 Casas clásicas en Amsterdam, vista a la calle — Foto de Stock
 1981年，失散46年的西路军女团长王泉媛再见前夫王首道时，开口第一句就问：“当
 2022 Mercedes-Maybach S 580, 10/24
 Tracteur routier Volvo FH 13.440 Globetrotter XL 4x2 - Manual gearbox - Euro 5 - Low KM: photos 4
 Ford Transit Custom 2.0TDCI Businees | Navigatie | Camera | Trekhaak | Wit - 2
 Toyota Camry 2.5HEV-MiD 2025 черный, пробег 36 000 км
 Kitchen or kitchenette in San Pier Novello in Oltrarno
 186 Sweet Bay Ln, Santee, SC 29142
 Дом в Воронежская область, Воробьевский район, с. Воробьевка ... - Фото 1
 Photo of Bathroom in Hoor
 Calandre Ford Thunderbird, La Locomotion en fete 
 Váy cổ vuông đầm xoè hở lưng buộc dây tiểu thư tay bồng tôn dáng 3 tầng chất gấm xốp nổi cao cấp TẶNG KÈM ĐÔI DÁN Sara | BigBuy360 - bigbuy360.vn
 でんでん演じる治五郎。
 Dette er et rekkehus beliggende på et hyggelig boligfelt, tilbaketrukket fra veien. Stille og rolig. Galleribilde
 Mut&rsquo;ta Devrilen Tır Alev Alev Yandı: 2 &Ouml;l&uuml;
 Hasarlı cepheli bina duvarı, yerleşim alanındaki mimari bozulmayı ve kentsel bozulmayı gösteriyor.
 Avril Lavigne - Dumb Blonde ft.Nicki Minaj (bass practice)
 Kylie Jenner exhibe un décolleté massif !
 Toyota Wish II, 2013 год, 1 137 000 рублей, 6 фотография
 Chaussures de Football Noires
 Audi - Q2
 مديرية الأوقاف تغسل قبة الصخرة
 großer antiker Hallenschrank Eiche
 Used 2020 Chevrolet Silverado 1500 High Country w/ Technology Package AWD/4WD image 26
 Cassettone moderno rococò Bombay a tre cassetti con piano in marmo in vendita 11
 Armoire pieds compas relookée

______________________________

__Aim of the exercise__: Set down verbatim only the lines between the start of the data above and the line with "Dette er et", both boundaries included.

__Solution to this task__:
 Casas clásicas en Amsterdam, vista a la calle — Foto de Stock
 1981年，失散46年的西路军女团长王泉媛再见前夫王首道时，开口第一句就问：“当
 2022 Mercedes-Maybach S 580, 10/24
 Tracteur routier Volvo FH 13.440 Globetrotter XL 4x2 - Manual gearbox - Euro 5 - Low KM: photos 4
 Ford Transit Custom 2.0TDCI Businees | Navigatie | Camera | Trekhaak | Wit - 2
 Toyota Camry 2.5HEV-MiD 2025 черный, пробег 36 000 км
 Kitchen or kitchenette in San Pier Novello in Oltrarno
 186 Sweet Bay Ln, Santee, SC 29142
 Дом в Воронежская область, Воробьевский район, с. Воробьевка ... - Фото 1
 Photo of Bathroom in Hoor
 Calandre Ford Thunderbird, La Locomotion en fete 
 Váy cổ vuông đầm xoè hở lưng buộc dây tiểu thư tay bồng tôn dáng 3 tầng chất gấm xốp nổi cao cấp TẶNG KÈM ĐÔI DÁN Sara | BigBuy360 - bigbuy360.vn
 でんでん演じる治五郎。
 Dette er et rekkehus beliggende på et hyggelig boligfelt, tilbaketrukket fra veien. Stille og rolig. Galleribilde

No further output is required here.